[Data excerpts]
Start of Block

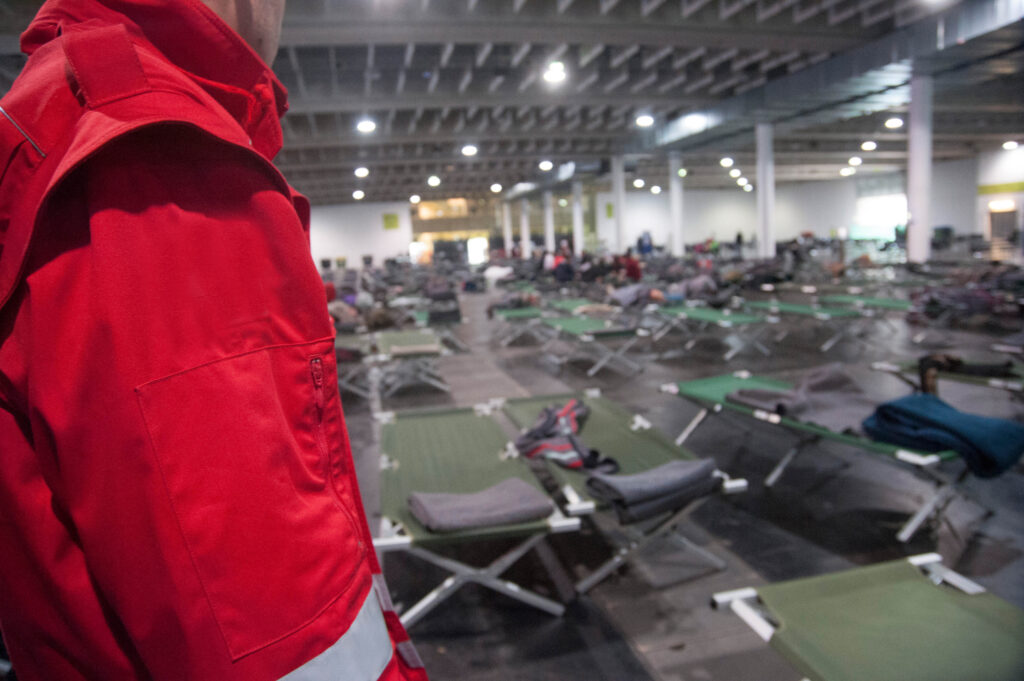 emergency shelter or emergency sleeping place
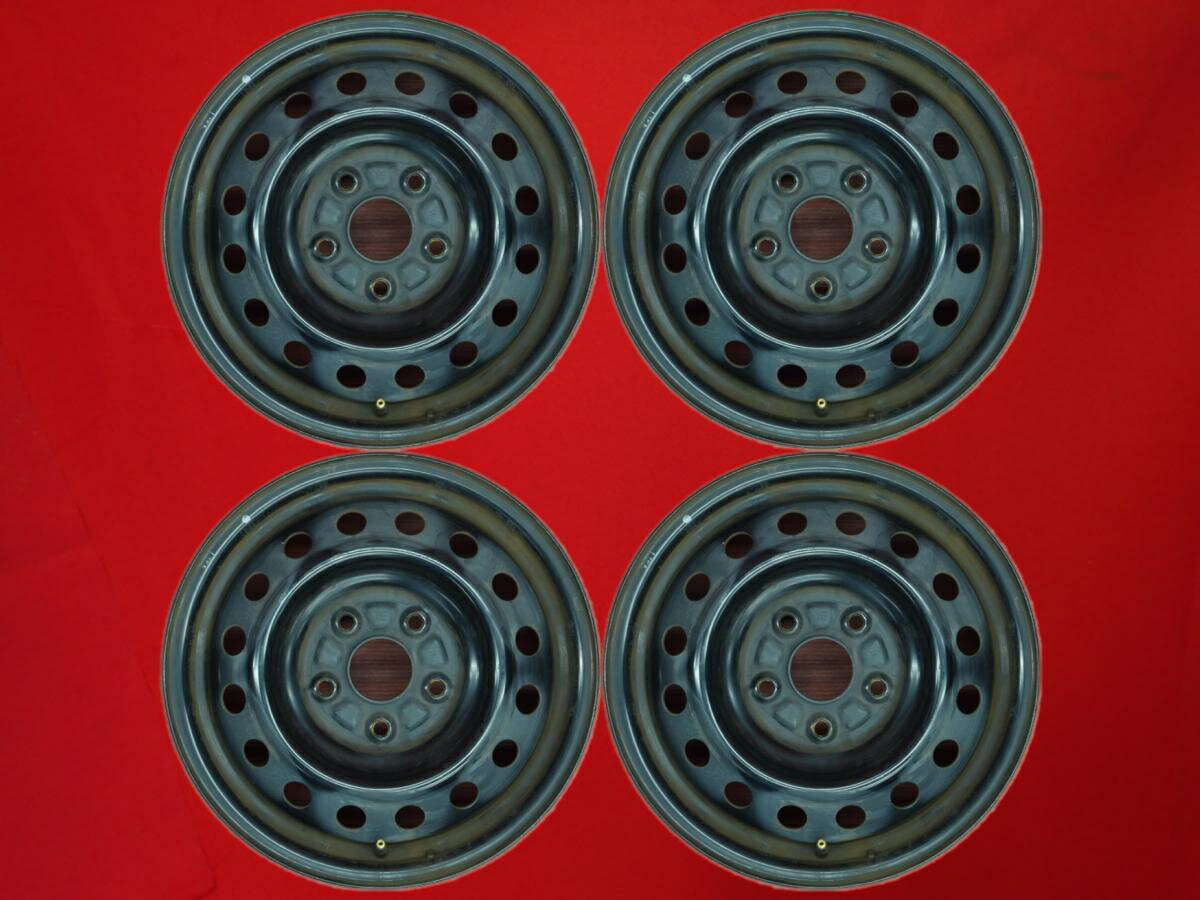 ヴォクシー-ノア (60-65系)純正スチール(キャップ無)ME 6Jx15 +50 5/114.3 ブラック(黒色)系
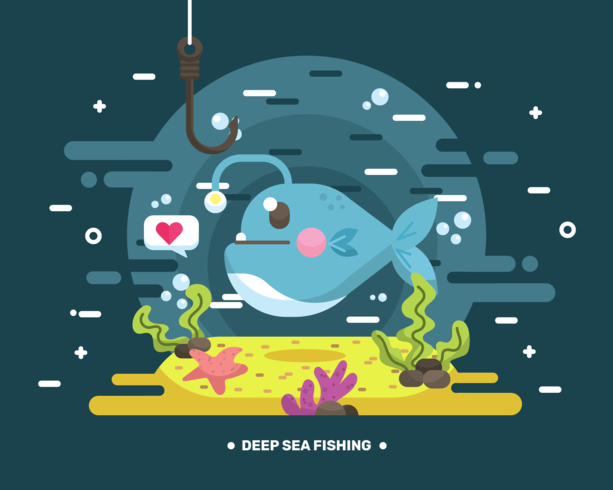 613x490 Deep Sea Fishing Vector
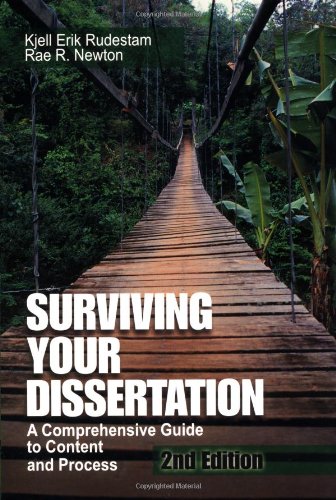 Surviving your dissertation Cover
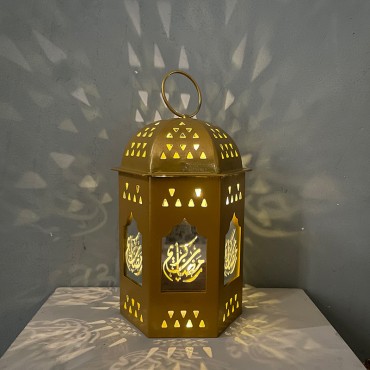 Lighting Decoration Ramadan Lamp Eid Iron Wind Lantern Craft Lantern Islamic led lamp Decorative lantern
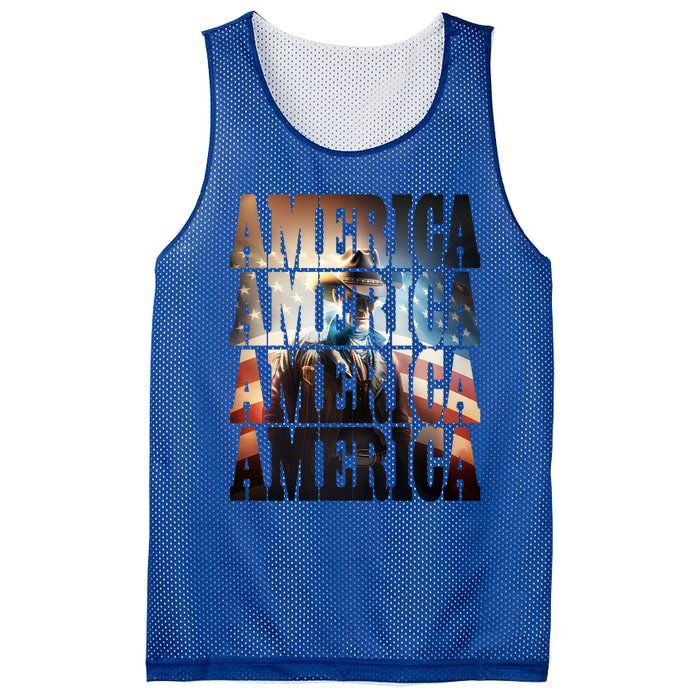 Independence Day 4th Of July Us American Flag Patriotic Cool Gift Mesh Reversible Basketball Jersey Tank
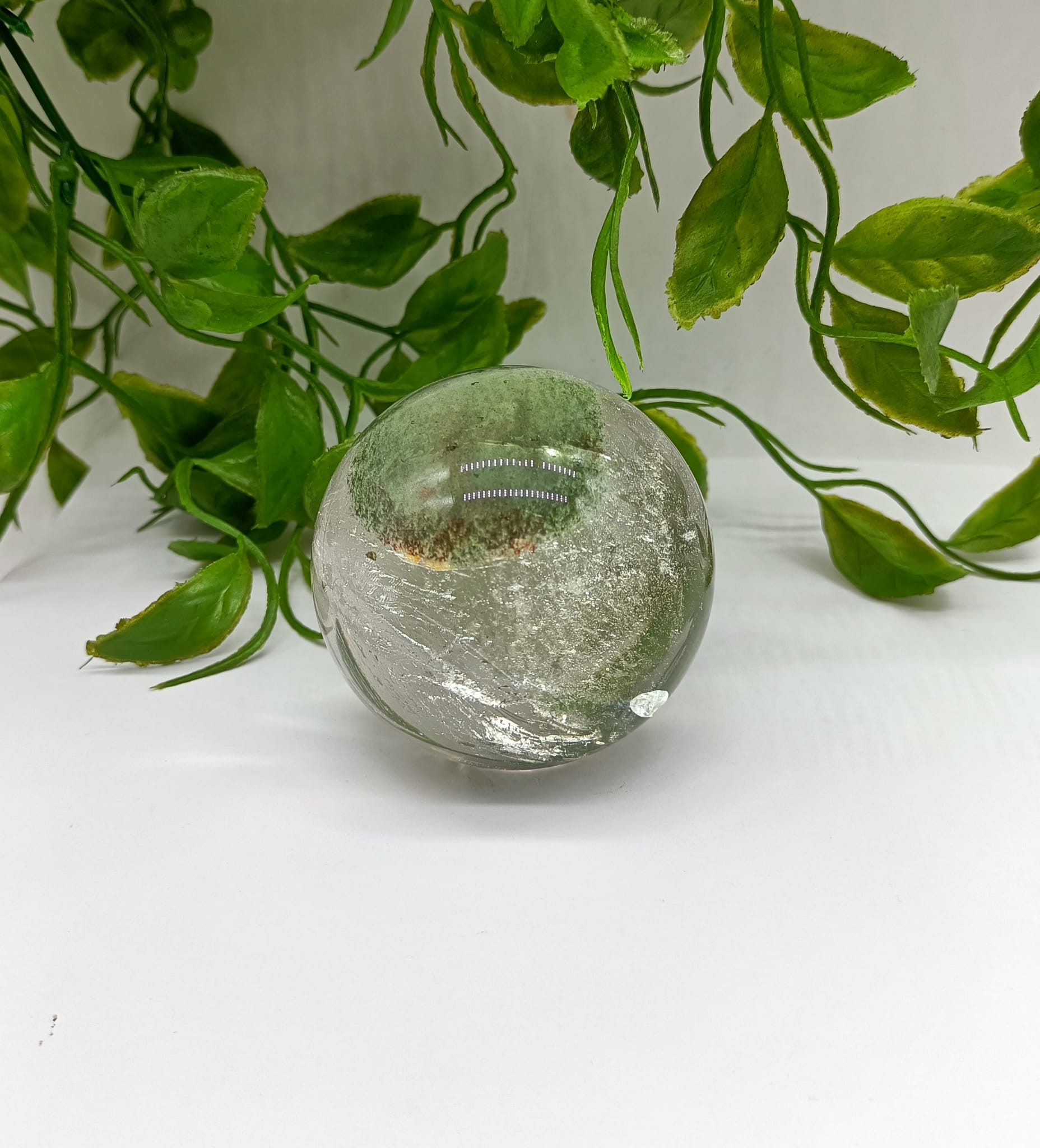 Green Phantom Sphere 315g Crystal Wellness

End of Block

_Task item:_ Begin at the line in the entries above that has "ヴォクシー-ノア (60-65系)純正スチール(キャップ無)ME 6Jx15", stop after the line that has "Lighting Decoration Ramadan", and output exactly those lines without pictures.

_Task result:_
 ヴォクシー-ノア (60-65系)純正スチール(キャップ無)ME 6Jx15 +50 5/114.3 ブラック(黒色)系
 613x490 Deep Sea Fishing Vector
 Surviving your dissertation Cover
 Lighting Decoration Ramadan Lamp Eid Iron Wind Lantern Craft Lantern Islamic led lamp Decorative lantern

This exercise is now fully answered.